▶ **What needs to be done**
From first line to last, copy the listing exactly and omit its pictures.

▶ **Records for this task**
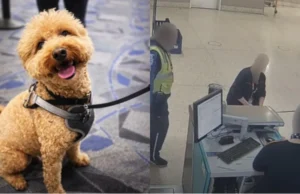 Seorang wanita di AS ditangkap kerana meninggalkan anjing di lapangan terbang.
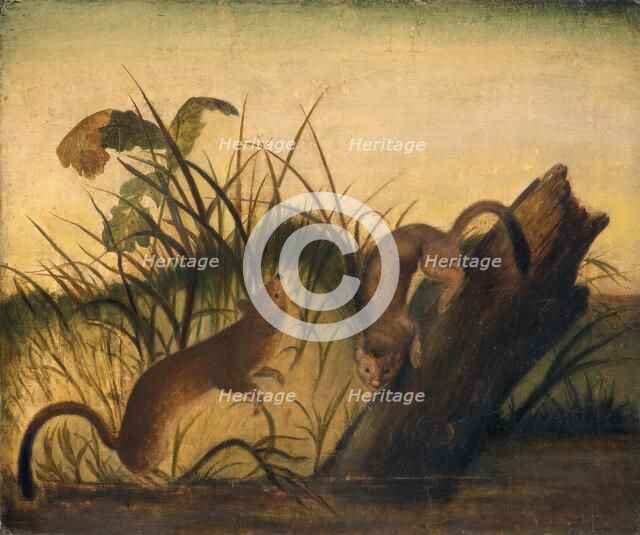 Long-Tailed Weasel, c. 1845. Creator: John James Audubon.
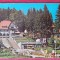 CPIB 23451 CARTE POSTALA - PREDEAL, CONSILIUL POPULAR, COFETARIE, CIRCULATA, STAMPILE, TIMBRU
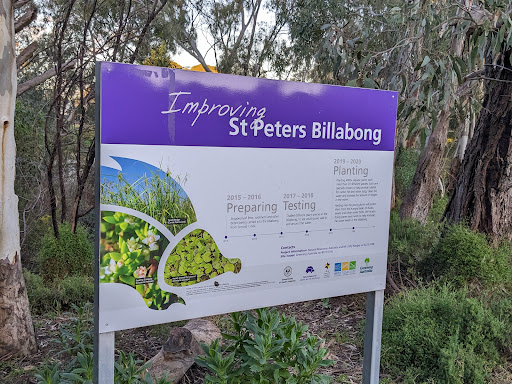 St. Peters Billabong - Thumbnail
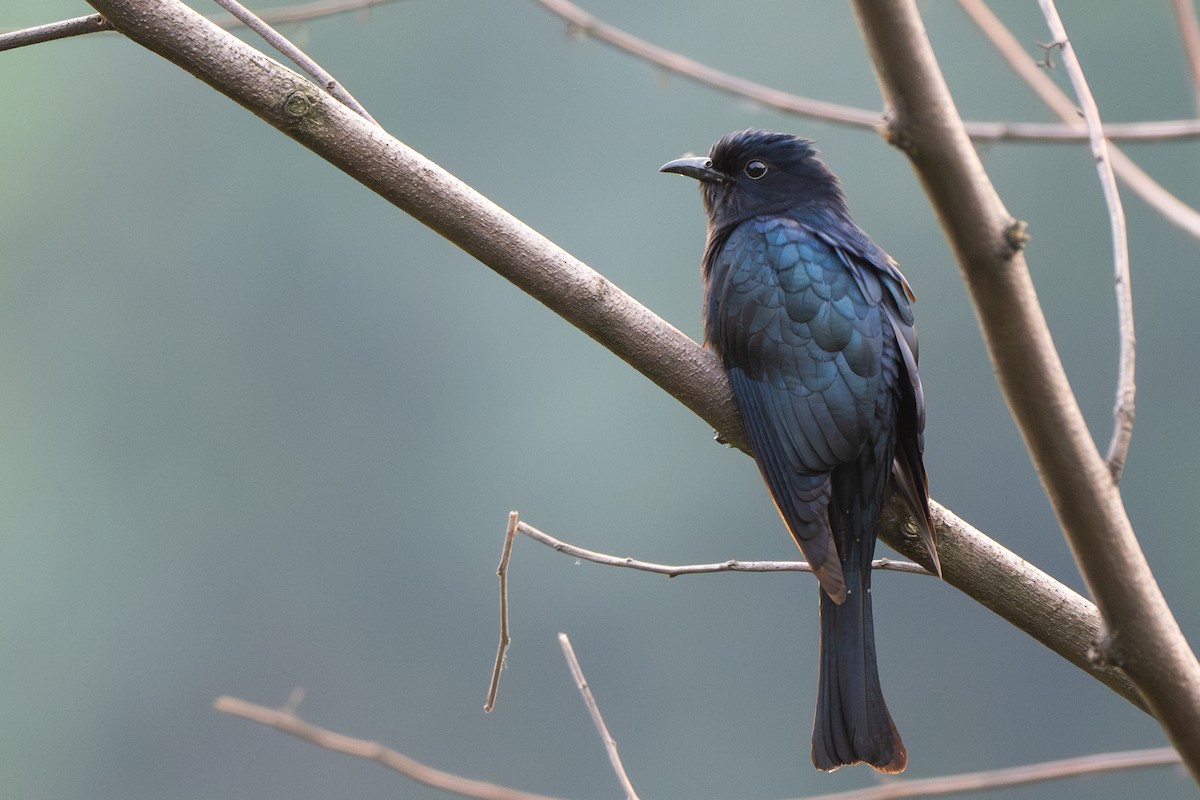 Square-tailed Drongo-Cuckoo - saurabh kalia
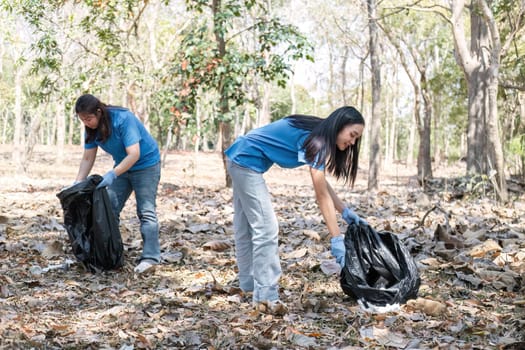 A group of Asian volunteers collects trash in plastic bags and cleaning areas in the forest to preserve the natural ecosystem..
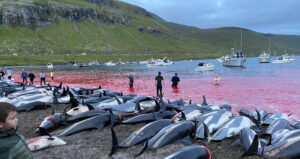 Bloody Shore And Dead Dolphins
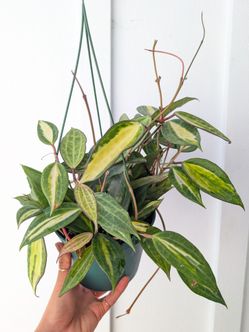 Hoya Macrophylla Inner Variegated Pot of Gold Plant 6" Pot - Indoor House Plants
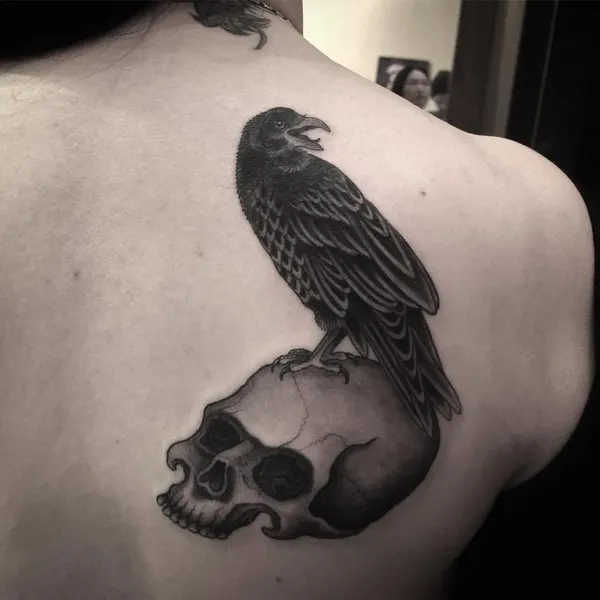 Animal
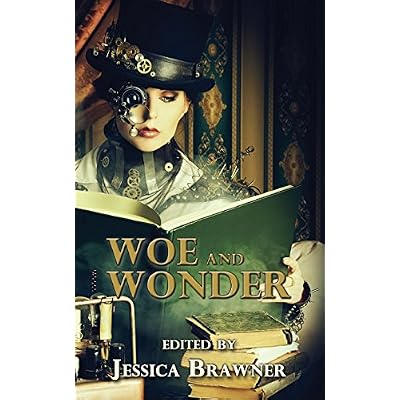 Woe and Wonder: 2016 Story of the Month Club Anthology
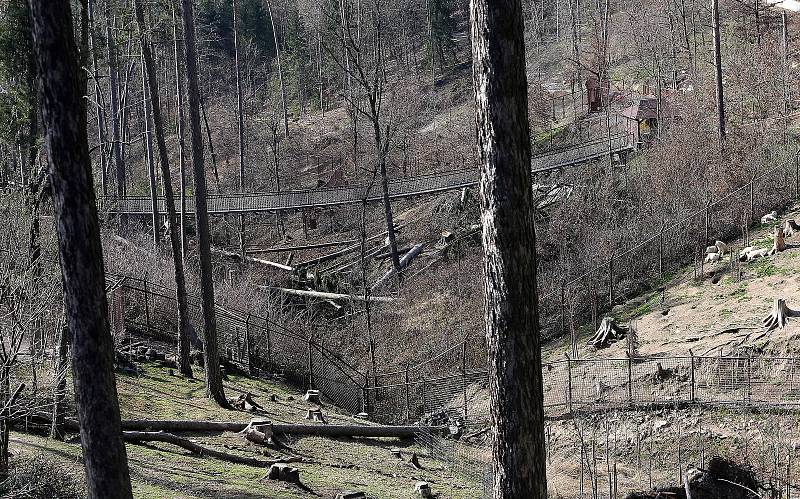 Zoologická zahrada na Svatém Kopečku u Olomouce poškozená vichřicemi. Konec března 2019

▶ **Task result**
 Seorang wanita di AS ditangkap kerana meninggalkan anjing di lapangan terbang.
 Long-Tailed Weasel, c. 1845. Creator: John James Audubon.
 CPIB 23451 CARTE POSTALA - PREDEAL, CONSILIUL POPULAR, COFETARIE, CIRCULATA, STAMPILE, TIMBRU
 St. Peters Billabong - Thumbnail
 Square-tailed Drongo-Cuckoo - saurabh kalia
 A group of Asian volunteers collects trash in plastic bags and cleaning areas in the forest to preserve the natural ecosystem..
 Bloody Shore And Dead Dolphins
 Hoya Macrophylla Inner Variegated Pot of Gold Plant 6" Pot - Indoor House Plants
 Animal
 Woe and Wonder: 2016 Story of the Month Club Anthology
 Zoologická zahrada na Svatém Kopečku u Olomouce poškozená vichřicemi. Konec března 2019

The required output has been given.